Opponents claim the Texas law violates the federal Voting Rights Act and is an attempt to cut into the electoral strength of the state’s growing minority population — people less likely to have photo identification or the means to obtain a certificate for the election.
“It’s evident that the Texas Voter ID law discriminates against minority voters in Texas, a fact already proven in court," U.S. Rep. Marc Veasey of Fort Worth, a plaintiff in the case, said in an emailed statement. “While it is never wise to predict the outcome of a court decision, I believe the evidence is overwhelming and I’m hopeful that this law will ultimately be struck down."
Gov. Rick Perry signed the law in 2011, kick-starting its convoluted journey through the federal court system.
The rules were on hold until 2013, when the U.S. Supreme Court struck down part of the Voting Rights Act, ruling that Texas and other states with a history of racial discrimination no longer automatically needed federal preclearance when changing election laws.
Last October, U.S. District Judge Nelva Gonzales Ramos of Corpus Christi ruled that the Texas ID law “constitutes an unconstitutional poll tax” and “has an impermissible discriminatory effect against Hispanics and African-Americans, and was imposed with an unconstitutional discriminatory purpose.”

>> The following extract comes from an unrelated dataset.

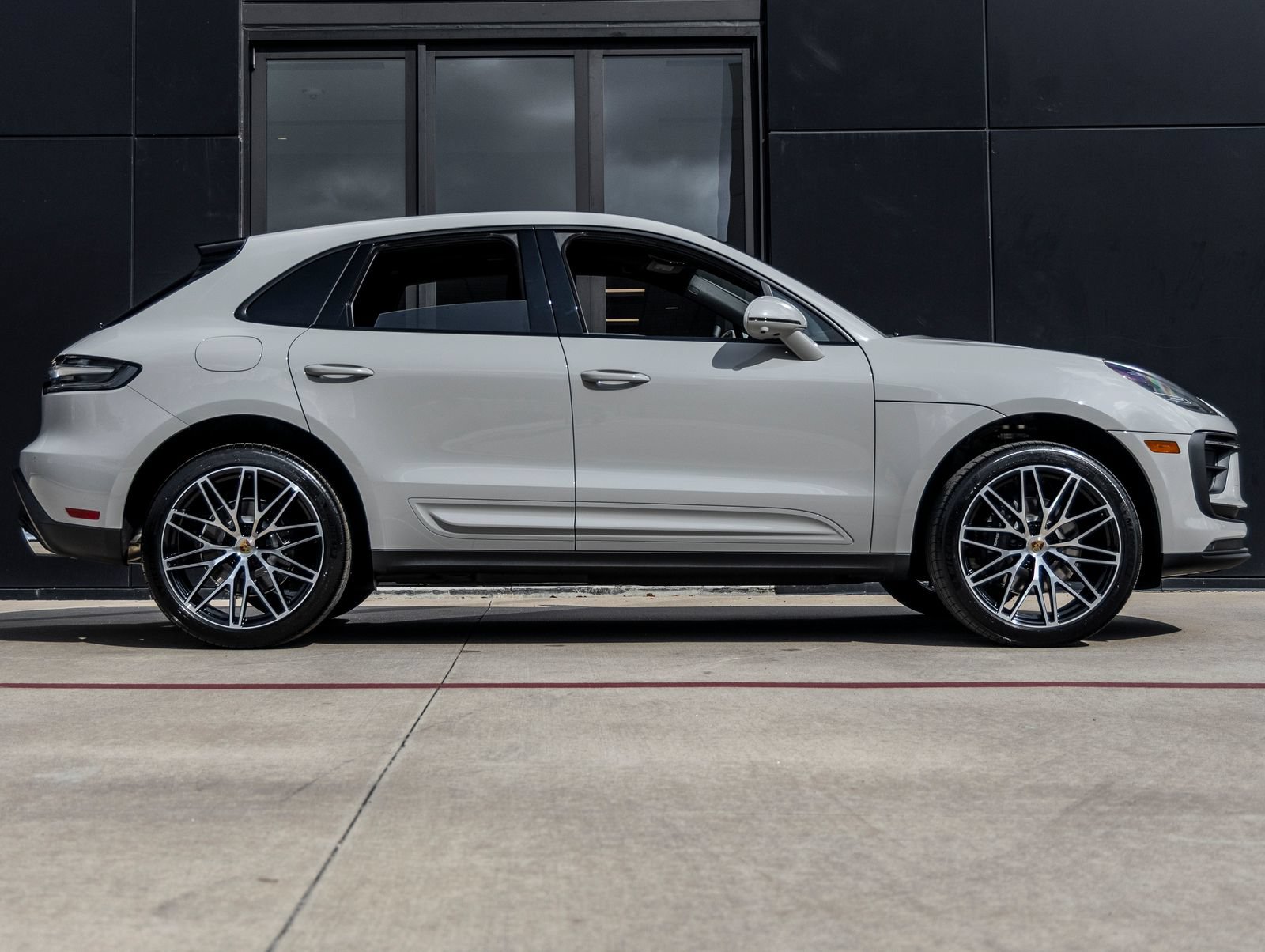 Certified 2026 Porsche Macan AWD/4WD image 12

That ruling came just one month before Election Day, and the U.S. Supreme Court allowed the state to enforce the law during the 2014 general election. Some Democrats blamed the law for Texas’ particularly low voter turnout.
In her 147-page ruling, Ramos said there were no “smoking guns” proving Texas lawmakers intentionally discriminated when passing the law – such as making anti-African-American or anti-Hispanic statements – but she said wide-ranging evidence proved the state’s intent to discriminate.

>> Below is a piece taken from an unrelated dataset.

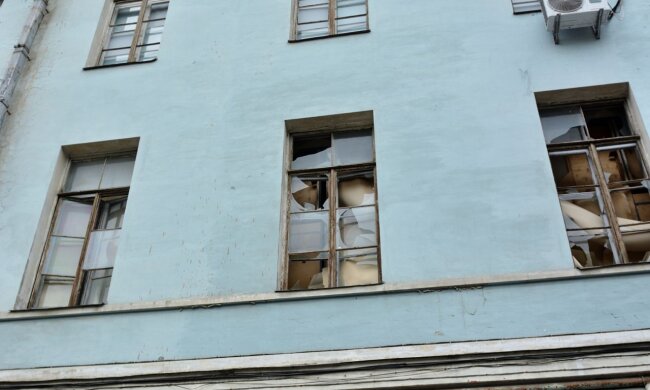 Атака на Київський природничий музей 10 жовтня: як українці врятували унікальну експозицію, котра опинилася просто неба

That included a lack of “any accommodations for indigents, who the legislature knew were disproportionately African-American and Latino,” and a “racially charged” legislative session that saw several proposals that “exhibited an anti-Hispanic sentiment — anti-immigration laws, an effort to abolish sanctuary cities — and there were even concerns about leprosy being raised.”

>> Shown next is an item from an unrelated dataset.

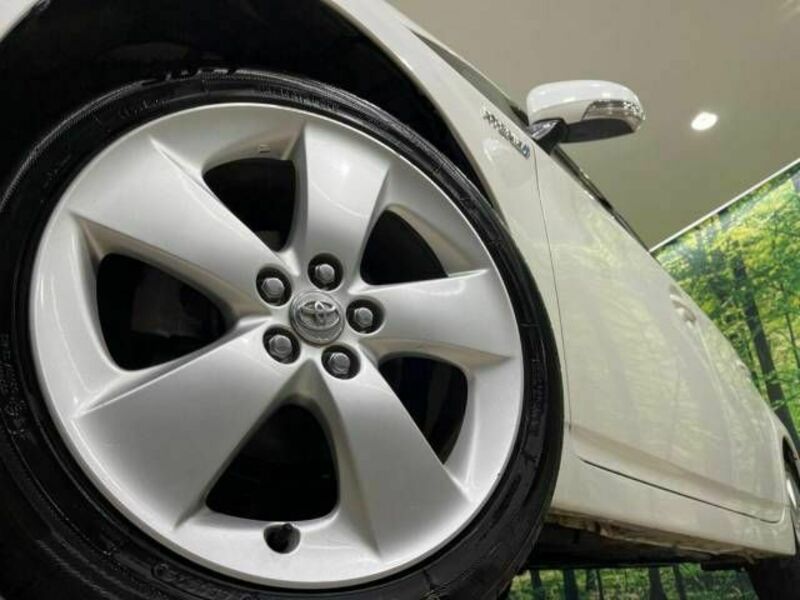 PRIUS-12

In its brief, Texas called the ruling “manifestly erroneous” and based upon “weak and inconclusive circumstantial evidence."
Daniel Tokaji, an elections expert at Ohio State University's Moritz College of Law, called the plaintiffs’ findings of fact “very informed and thorough,” and more than they needed to argue that the law violates the Voting Rights Act.
“It’s what sets the evidence in Texas apart from all the other states,” he said. “There’s just much stronger evidence of intentional discrimination against racial minorities here.”
Rick Hasen, a professor at the University of California, Irvine School of Law, called the dispute a “test case” for the Department of Justice, following the 2013 decision that struck down the formula used to determine when a state election law needs federal review, but gave Congress the option to develop new criteria.
“The Department of Justice is seeking in this case not only to get Texas’ voter ID law struck down, but also to get Texas covered again under the preclearance provision of the Voting Rights Act,” Hasen said.
The 5th Circuit is considered among the most conservative in the nation, but Democrats appointed two of the three judges set to hear Tuesday’s arguments. President Bill Clinton appointed Chief Judge Carl Stewart, and Judge Nannette Brown is an Obama appointee. President George W. Bush appointed Judge Catharina Haynes.